Task instructions → Beginning at the top of the data below, restate every line word for word until the line containing "For concealer I'm" has been included, and omit the pictures.

Stored data:

= = =

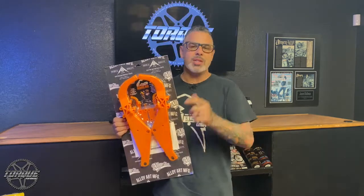Thanks for watching Torque Performance Television, the new product showcase. I'm Jason Hallman. We'll see you in Sturgis.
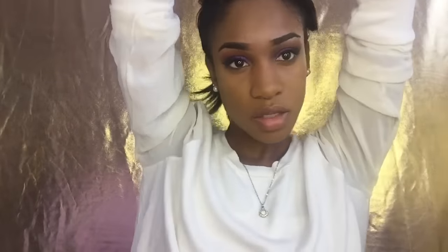For concealer I'm going to be using my L'Oreal Pro Concealer in Coffee and my Maybelline Better Skin Concealer in Medium. I'm also going to be cream contouring today with my L'Oreal Pro Concealer in Beautiful Bronze.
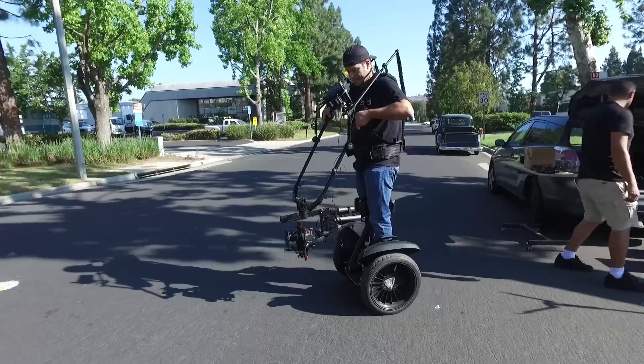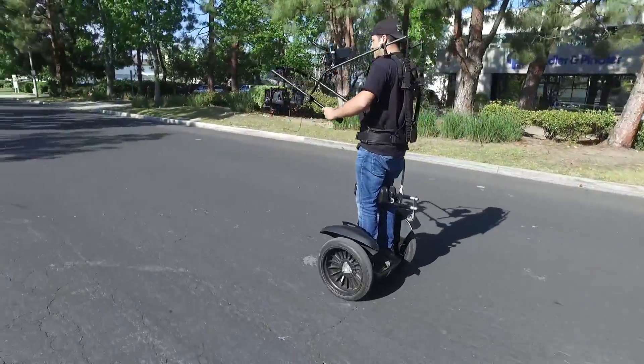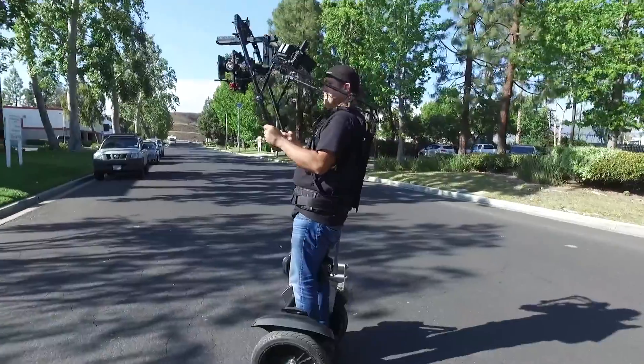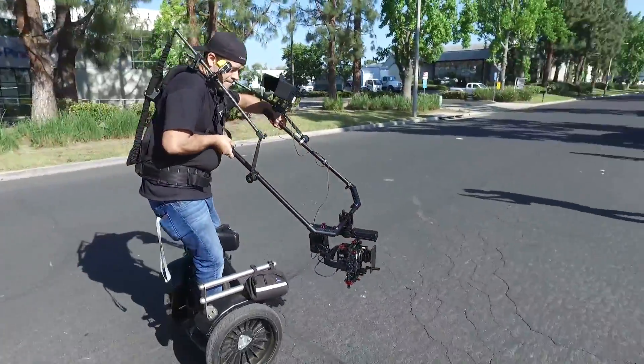Hey everyone, just wanted to show you real quick a little behind the scenes look at the shoot we were doing the other day. Everyone's been asking for footage from the jib mode. And here you see me on my Segway with the new Ronin MX and a Red Weapon, a Red Dragon.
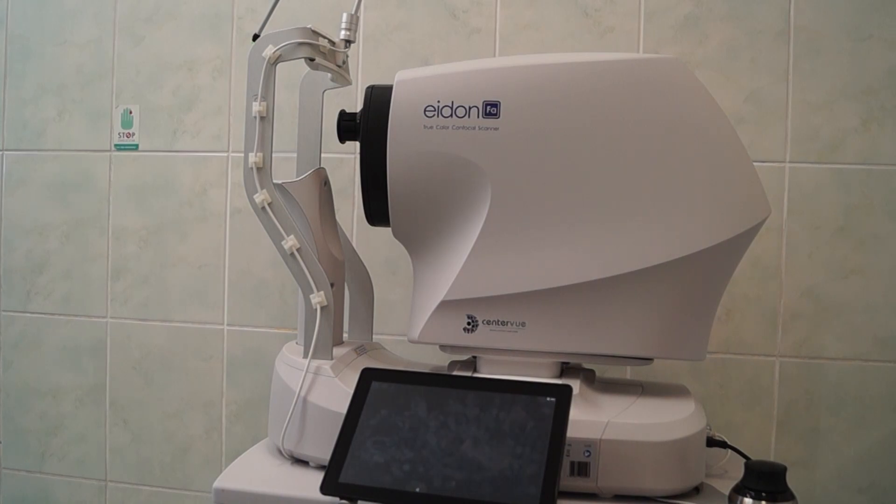Another useful feature is that most commonly used printers have their drivers already pre-installed, so the device is ready to connect via Bluetooth or LAN to your own printers.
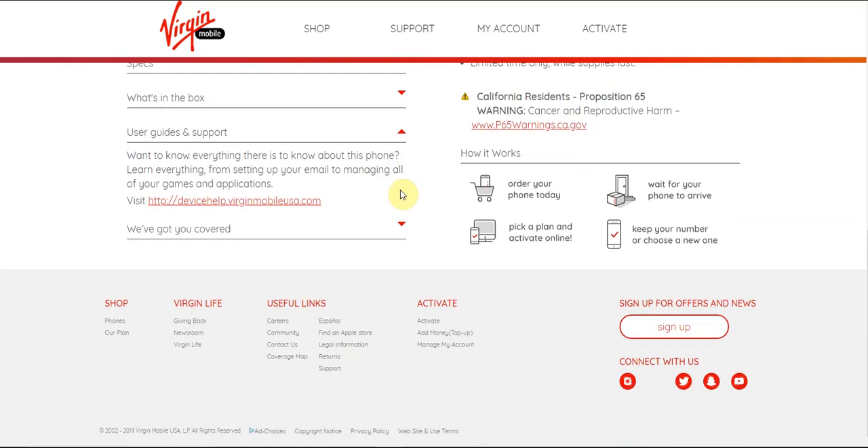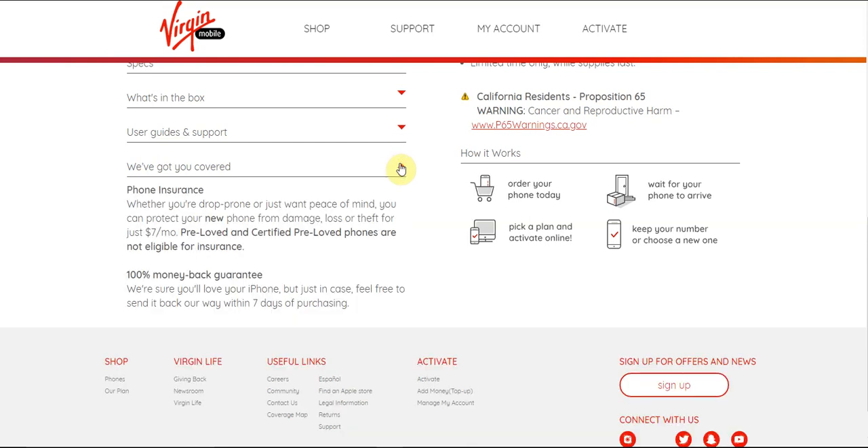If you guys need help with this phone, device support is available through Virgin Mobile. It covers everything there is to know about this phone, from sending your email to managing all your games and applications. If you guys want phone insurance — which I recommend — get phone insurance, it's definitely a recommended thing to do. You can protect your unit from damage, loss, and theft for just $7 a month. Note that pre-owned phones are not eligible for insurance.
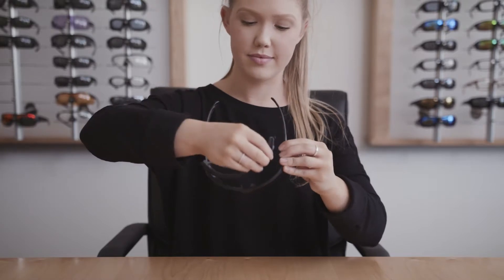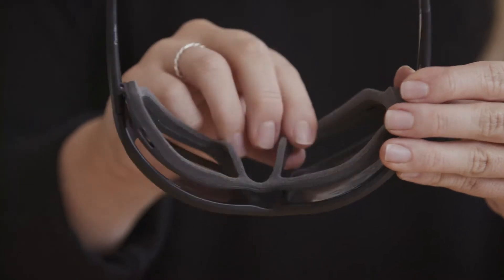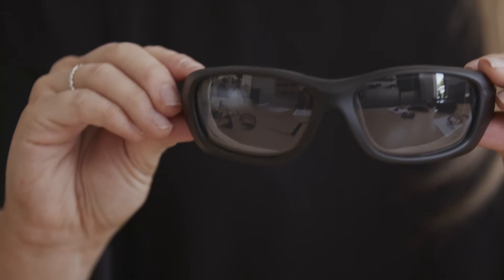To install a seal, line up the gasket at the center of the nose bridge first, then snap in each side. And that's all there is to it.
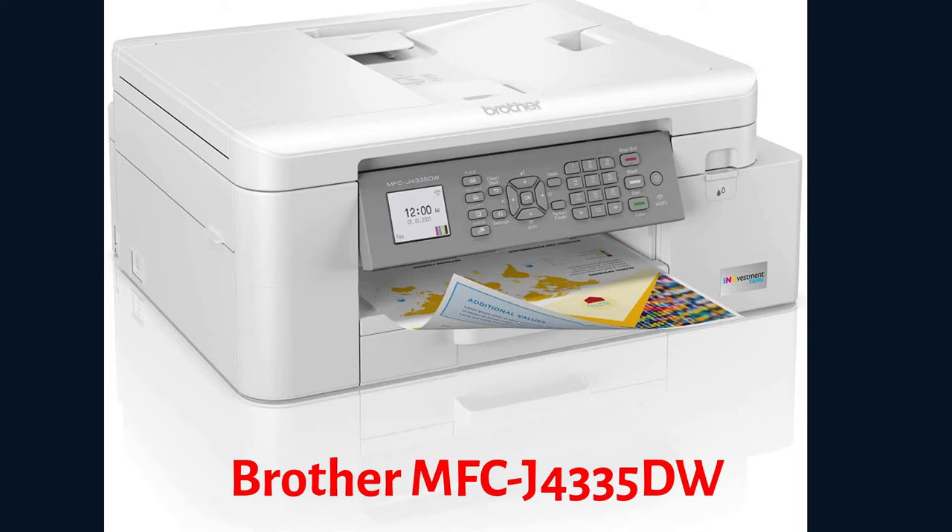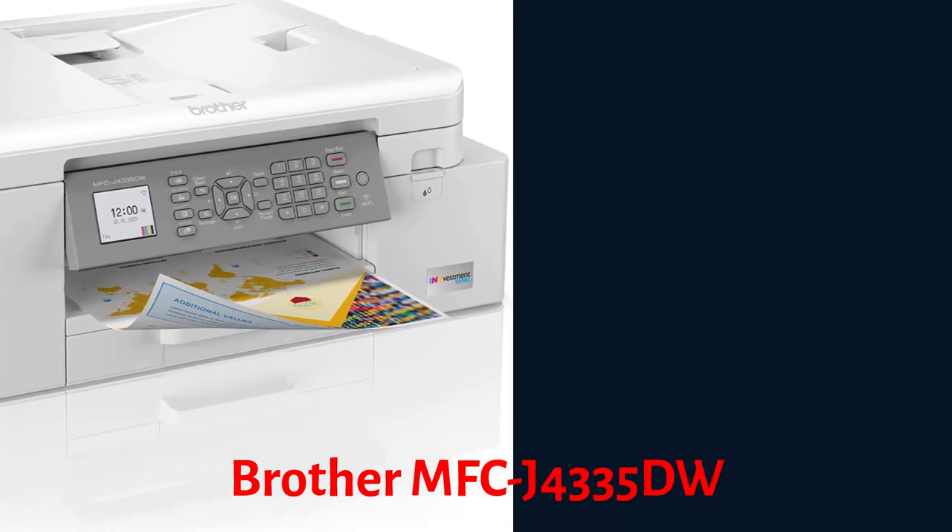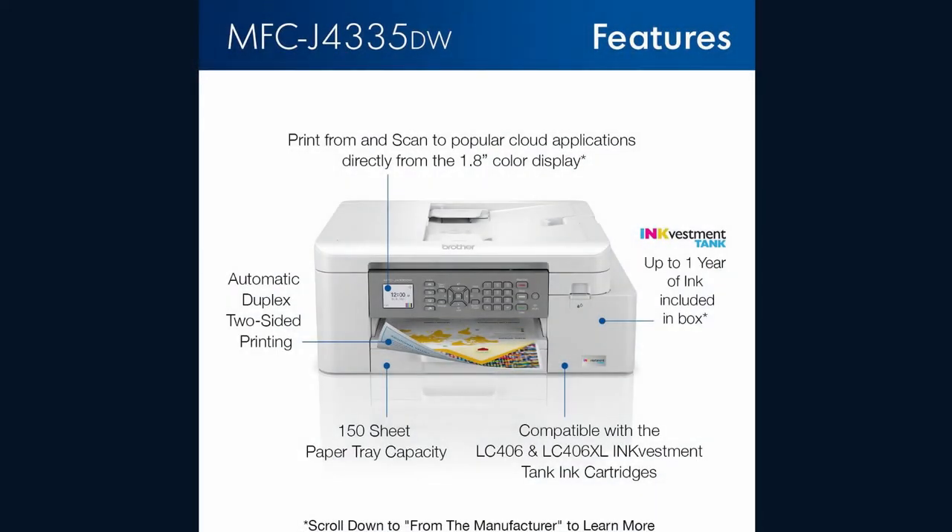Brother MFCJ4335DWI Ink Vestment Tank Color Inkjet All-in-1 Wireless Printer with Automatic Duplex Printing. Navigate to powerful features plus print from or scan to popular cloud services including Google Drive, Dropbox, Box, OneDrive and more directly from the printer.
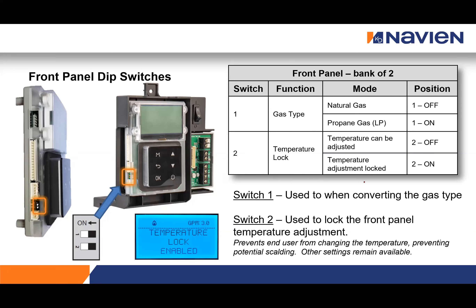Another important feature is the temperature lock dip switch. Right out of the box, all NPEs can be set anywhere from 97 to 185 degrees Fahrenheit, designed for both commercial and residential applications. After completing programming, I suggest flipping dip switch two to locked — this prevents anyone from adjusting the temperature simply by tapping the plus or minus button. If they try, the front display will say 'temperature lock enabled.'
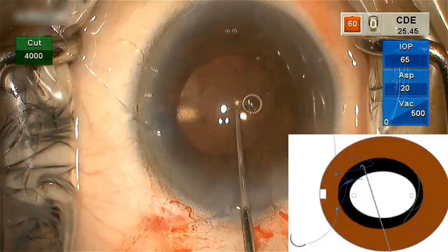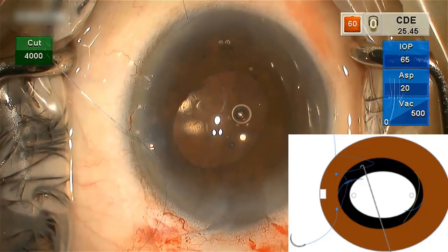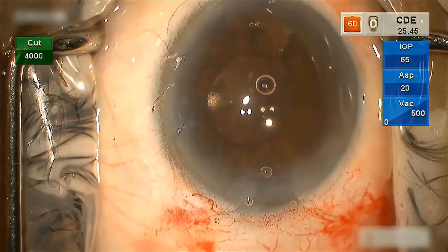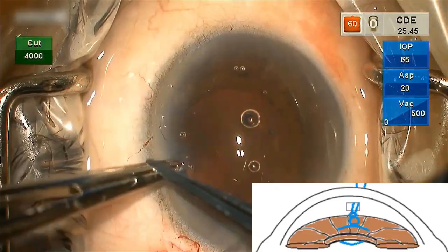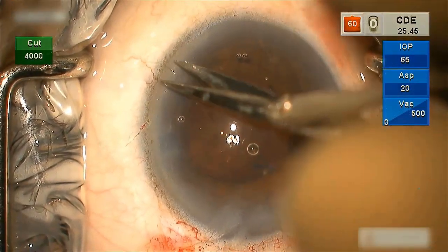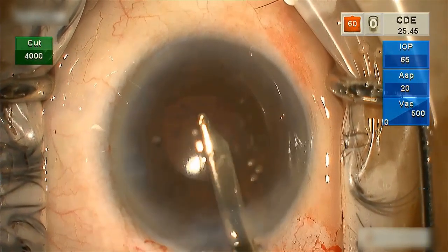The suture ends are trimmed and brought into the anterior chamber by swiping with the spatula or Sinski's hook along the iris plane from the periphery to the center. To secure the knot, both suture ends in the anterior chamber are retracted through the same paracentesis outside the eye using a Kuglen hook. The suture ends are tied together so that the knot does not crush the iris tissue and forms an arc between the two bites, not resting over the iris. Viscoelastic device is removed using controlled irrigation and aspiration.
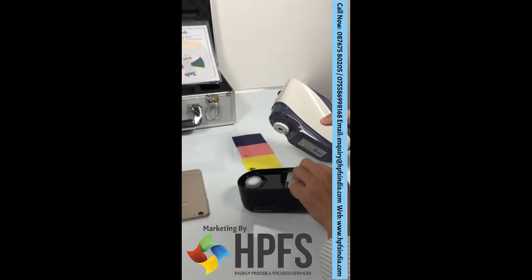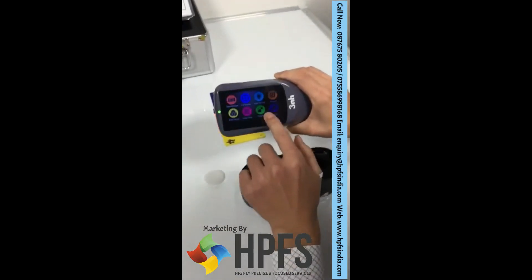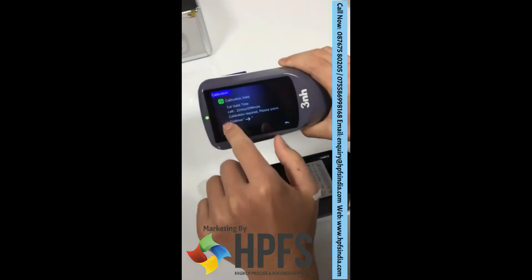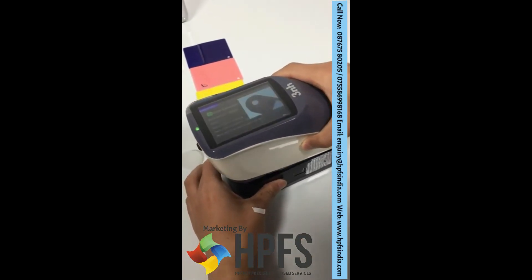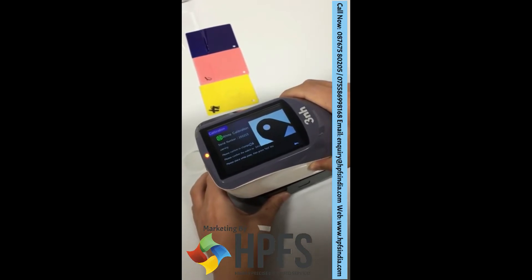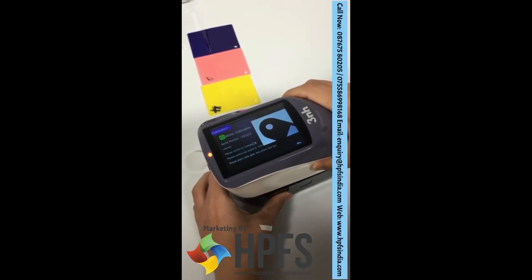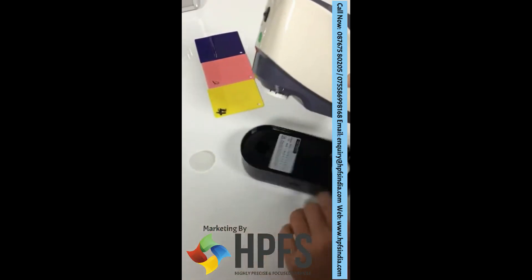First, calibration. White calibration, then black calibration.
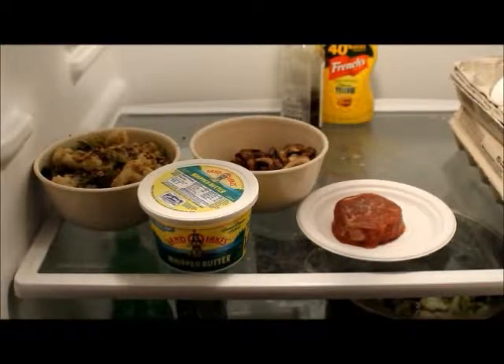Welcome back to the Nerd Castle Kitchen. Stan Gibalisco here from the Black Hills of South Dakota.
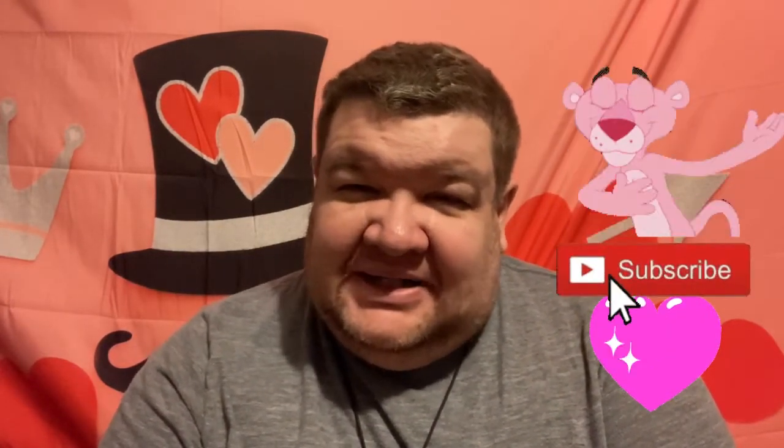Hello everybody, Matt back here for another video. If you're new to my channel, welcome. If you're not, welcome back. I appreciate everybody that watches my videos and takes time to watch my videos.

= = =

Reply →
Thanks for watching Torque Performance Television, the new product showcase. I'm Jason Hallman. We'll see you in Sturgis.
For concealer I'm going to be using my L'Oreal Pro Concealer in Coffee and my Maybelline Better Skin Concealer in Medium. I'm also going to be cream contouring today with my L'Oreal Pro Concealer in Beautiful Bronze.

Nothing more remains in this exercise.